| Work order |
Only the lines from the top of the data through the one with "Appartamento quadrilocale in" are to be written out, each exactly as it stands.

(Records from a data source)
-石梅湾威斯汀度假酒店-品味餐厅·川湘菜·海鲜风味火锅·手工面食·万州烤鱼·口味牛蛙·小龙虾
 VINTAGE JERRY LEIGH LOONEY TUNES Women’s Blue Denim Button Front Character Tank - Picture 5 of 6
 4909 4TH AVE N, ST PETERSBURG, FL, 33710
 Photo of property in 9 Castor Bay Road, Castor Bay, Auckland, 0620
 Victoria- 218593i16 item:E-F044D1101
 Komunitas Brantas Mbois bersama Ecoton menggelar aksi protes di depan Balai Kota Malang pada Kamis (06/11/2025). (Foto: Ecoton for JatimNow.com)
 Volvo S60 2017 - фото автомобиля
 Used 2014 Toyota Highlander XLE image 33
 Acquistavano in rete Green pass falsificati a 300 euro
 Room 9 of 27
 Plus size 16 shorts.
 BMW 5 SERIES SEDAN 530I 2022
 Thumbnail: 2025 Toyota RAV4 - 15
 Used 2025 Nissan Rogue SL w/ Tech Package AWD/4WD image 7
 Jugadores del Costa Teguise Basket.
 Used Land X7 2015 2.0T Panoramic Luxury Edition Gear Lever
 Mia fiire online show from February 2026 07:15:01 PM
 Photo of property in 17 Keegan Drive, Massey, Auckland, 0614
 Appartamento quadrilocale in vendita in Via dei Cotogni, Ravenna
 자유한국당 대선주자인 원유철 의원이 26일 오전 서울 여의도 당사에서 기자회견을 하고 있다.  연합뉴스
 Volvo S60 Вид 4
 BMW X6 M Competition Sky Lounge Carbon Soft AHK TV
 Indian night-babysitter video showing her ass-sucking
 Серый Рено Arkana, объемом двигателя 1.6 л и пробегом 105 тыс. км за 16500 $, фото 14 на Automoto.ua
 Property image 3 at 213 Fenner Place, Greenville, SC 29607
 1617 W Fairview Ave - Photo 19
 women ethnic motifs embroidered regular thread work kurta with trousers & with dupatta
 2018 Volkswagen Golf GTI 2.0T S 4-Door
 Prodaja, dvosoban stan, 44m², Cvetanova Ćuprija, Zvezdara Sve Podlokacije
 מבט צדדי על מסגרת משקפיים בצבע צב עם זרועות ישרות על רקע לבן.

| Output of the exercise |
-石梅湾威斯汀度假酒店-品味餐厅·川湘菜·海鲜风味火锅·手工面食·万州烤鱼·口味牛蛙·小龙虾
 VINTAGE JERRY LEIGH LOONEY TUNES Women’s Blue Denim Button Front Character Tank - Picture 5 of 6
 4909 4TH AVE N, ST PETERSBURG, FL, 33710
 Photo of property in 9 Castor Bay Road, Castor Bay, Auckland, 0620
 Victoria- 218593i16 item:E-F044D1101
 Komunitas Brantas Mbois bersama Ecoton menggelar aksi protes di depan Balai Kota Malang pada Kamis (06/11/2025). (Foto: Ecoton for JatimNow.com)
 Volvo S60 2017 - фото автомобиля
 Used 2014 Toyota Highlander XLE image 33
 Acquistavano in rete Green pass falsificati a 300 euro
 Room 9 of 27
 Plus size 16 shorts.
 BMW 5 SERIES SEDAN 530I 2022
 Thumbnail: 2025 Toyota RAV4 - 15
 Used 2025 Nissan Rogue SL w/ Tech Package AWD/4WD image 7
 Jugadores del Costa Teguise Basket.
 Used Land X7 2015 2.0T Panoramic Luxury Edition Gear Lever
 Mia fiire online show from February 2026 07:15:01 PM
 Photo of property in 17 Keegan Drive, Massey, Auckland, 0614
 Appartamento quadrilocale in vendita in Via dei Cotogni, Ravenna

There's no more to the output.